To apply for Medicaid you will to have fill out and submit the application form while providing the documentation to verify general and financial requirements. Failure to do so correctly will result in denial of Medicaid benefits. Knowing what documentation will be required and providing it in advance with the applicaton is a key element of obtaining approval.
You may apply for Medicaid coverage yourself, or you may designate another person, such as a family member, your attorney, or a friend, to apply for you. If someone else applies for you, that person should be familiar with your situation, be able to answer all eligibility questions, and have access to your financial records. If you own a home, the state may ask you to document the current fair market value of the home and any loans for the home, such as mortgages or equity loans. The state may ask for these and many other supporting documents based on individual circumstances.

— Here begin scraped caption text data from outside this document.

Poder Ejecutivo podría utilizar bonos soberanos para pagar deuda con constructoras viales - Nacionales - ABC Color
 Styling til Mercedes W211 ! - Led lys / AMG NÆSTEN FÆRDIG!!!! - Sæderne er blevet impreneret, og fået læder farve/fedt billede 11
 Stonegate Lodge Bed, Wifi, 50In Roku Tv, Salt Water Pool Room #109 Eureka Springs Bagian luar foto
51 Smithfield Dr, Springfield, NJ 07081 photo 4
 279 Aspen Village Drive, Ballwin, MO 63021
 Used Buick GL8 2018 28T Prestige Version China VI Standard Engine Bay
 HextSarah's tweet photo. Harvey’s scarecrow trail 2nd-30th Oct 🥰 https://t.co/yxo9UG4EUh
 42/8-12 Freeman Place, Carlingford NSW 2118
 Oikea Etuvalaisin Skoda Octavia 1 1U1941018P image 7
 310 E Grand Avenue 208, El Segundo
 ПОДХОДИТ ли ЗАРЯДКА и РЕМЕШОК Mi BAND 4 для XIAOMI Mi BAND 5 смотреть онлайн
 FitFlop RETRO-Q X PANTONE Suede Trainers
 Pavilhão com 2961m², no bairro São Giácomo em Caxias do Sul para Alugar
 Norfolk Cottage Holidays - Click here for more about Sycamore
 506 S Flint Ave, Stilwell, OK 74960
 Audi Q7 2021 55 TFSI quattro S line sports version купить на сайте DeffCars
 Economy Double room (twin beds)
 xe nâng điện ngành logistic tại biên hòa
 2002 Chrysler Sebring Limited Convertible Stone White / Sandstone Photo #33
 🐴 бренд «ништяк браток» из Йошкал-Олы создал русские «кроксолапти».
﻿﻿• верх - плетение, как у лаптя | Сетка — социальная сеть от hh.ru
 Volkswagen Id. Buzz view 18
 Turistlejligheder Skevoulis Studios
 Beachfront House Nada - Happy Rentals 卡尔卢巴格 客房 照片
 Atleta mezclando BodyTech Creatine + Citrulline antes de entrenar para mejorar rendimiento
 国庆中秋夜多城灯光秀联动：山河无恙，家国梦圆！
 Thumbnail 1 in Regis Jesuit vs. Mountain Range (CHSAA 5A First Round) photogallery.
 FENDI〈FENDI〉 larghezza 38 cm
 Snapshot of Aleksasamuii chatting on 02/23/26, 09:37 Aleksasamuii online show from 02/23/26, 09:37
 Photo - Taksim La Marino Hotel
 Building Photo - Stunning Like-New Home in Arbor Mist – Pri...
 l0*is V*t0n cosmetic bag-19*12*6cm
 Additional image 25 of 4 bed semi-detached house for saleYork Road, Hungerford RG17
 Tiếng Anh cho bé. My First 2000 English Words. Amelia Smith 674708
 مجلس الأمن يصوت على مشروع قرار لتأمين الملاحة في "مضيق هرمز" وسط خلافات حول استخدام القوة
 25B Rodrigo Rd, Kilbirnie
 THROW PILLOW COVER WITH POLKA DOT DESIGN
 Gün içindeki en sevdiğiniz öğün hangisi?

The state may ask for this documentation because, while your home is not counted as an asset when determining your eligibility for Medicaid, how much equity you have in your home can affect whether Medicaid will pay for your long-term care services.
If the value of your assets went down a lot within the past five years, the state may ask you to explain what happened to the assets. The state will want to know whether you gave away any of your assets in the past five years. These transfers of assets can significantly delay when or if Medicaid benefits will be paid.
If you are married and in a nursing home, you will also be asked to document your assets when you first entered the nursing home—this can help establish how much of your assets your spouse is able to keep.
To be eligible for Medicaid, you must meet the requirements. To participate in Medicaid, federal law requires states to cover certain population groups. States set individual eligibility criteria within federal minimum standards. There are other non-financial eligibility criteria that are used in determining Medicaid eligibility.
Individuals need to satisfy federal and state requirements regarding residency, immigration status, and documentation of U.S. citizenship. Medicaid coverage may start retroactively for up to 3 months prior to the month of application, if the individual would have been eligible during the retroactive period had he or she applied then. Coverage generally stops at the end of the month in which a person no longer meets the requirements for eligibility. There are many specifics to the Medicaid program in Alabama too numerous to mention, and which of these apply are always dependent on each applicant’s particular set of circumstances.
Given the complexity of the approval process, you should always seek competent legal advice before you apply for Medicaid benefits.